The superintendent’s bell brought the narrative to a sharp close, and the new teacher sat back white and exhausted, the strength gone out of him. Even the kids were talking about killing people. What a lesson! How did the little devils learn all about it, anyway? Why had he ever stayed in this awful place? Why had he ever taken this terrible class?

“Well, you certainly are a winner, Murray,” said the superintendent, slapping him admiringly on the shoulder. “You had ’em from the word go! I never saw the like of you!”

Murray turned a tired face toward Marlowe.

“You didn’t need a teacher for that class, man! They can teach circles around any man you’d put on the job. I never saw the like! What you better do is give each one of those little devils a class to teach. Then you could all quit. I didn’t teach that class, they taught it themselves.”

The superintendent grinned at the minister, who was standing just behind Murray, and the minister grinned back knowingly.

“We’re glad this young man has come to live among us,” he said, with a loving hand on Murray’s shoulder, and somehow Murray felt suddenly like laying his head down on the minister’s shoulder and crying. When he finally got away from them all he went to his room and buried his face in the pillow and slept. He felt all worn out.
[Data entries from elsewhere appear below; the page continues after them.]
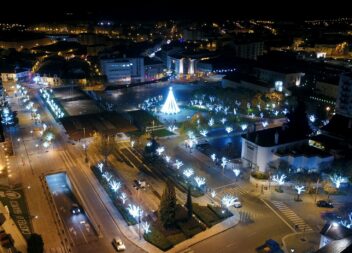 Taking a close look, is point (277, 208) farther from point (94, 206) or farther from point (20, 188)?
point (20, 188)

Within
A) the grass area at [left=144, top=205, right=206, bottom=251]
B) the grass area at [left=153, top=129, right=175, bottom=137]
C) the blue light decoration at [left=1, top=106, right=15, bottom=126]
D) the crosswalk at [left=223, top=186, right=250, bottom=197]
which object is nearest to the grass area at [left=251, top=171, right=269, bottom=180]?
the crosswalk at [left=223, top=186, right=250, bottom=197]

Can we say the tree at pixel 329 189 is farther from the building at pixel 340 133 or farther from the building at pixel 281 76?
the building at pixel 281 76

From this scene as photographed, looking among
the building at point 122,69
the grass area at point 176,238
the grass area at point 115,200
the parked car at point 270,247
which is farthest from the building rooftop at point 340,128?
the building at point 122,69

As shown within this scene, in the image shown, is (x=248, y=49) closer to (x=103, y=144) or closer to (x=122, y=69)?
(x=122, y=69)

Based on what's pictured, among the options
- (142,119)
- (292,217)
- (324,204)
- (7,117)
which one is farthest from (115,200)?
(7,117)

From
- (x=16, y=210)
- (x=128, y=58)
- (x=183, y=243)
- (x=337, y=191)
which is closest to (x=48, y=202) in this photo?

He had never taken a nap in the daytime before in his life, but he certainly slept that afternoon.

It was quite dark when he woke up and heard Mrs. Summers calling him to come down to supper.

She had a little tea-table drawn up in front of the fire in the living-room, with a big easy chair for him and the Morris chair for herself. There were cups of hot bouillon with little squares of toast to eat with it, and sandwiches with thin slivers of chicken on a crisp bit of lettuce. There were more sandwiches with nuts and raisins and cream cheese between, and cups of delicious cocoa, and there were little round white frosted cakes to finish off with. Murray thought it was the nicest meal he ever tasted, eaten thus before the fire, with the flickering firelight playing over Mrs. Summers’ pretty white hair, and the soft light from the deep shaded lamp over the little white-draped table. Cosey and homey. He found himself longing for something like this to have been in his past.

Mrs. Summers talked about the Sunday-school lesson, discussed two or three questions that had been brought up in her class of young men concerning Paul’s conversion, and Murray was surprised to find that he actually could make intelligent replies on the subject.

But then it all had to be broken up by the entrance of some one after him to go to Christian Endeavor. This time it was a stranger, the Vice-president of the Christian Endeavor, come to ask him to talk a few minutes. He really must do something about this. He was getting in too deep, going beyond his depth. It might be all well enough to pretend to teach a class of kids something he knew nothing about, but make an address in a religious meeting he could not—at least not yet. He had to draw the line somewhere.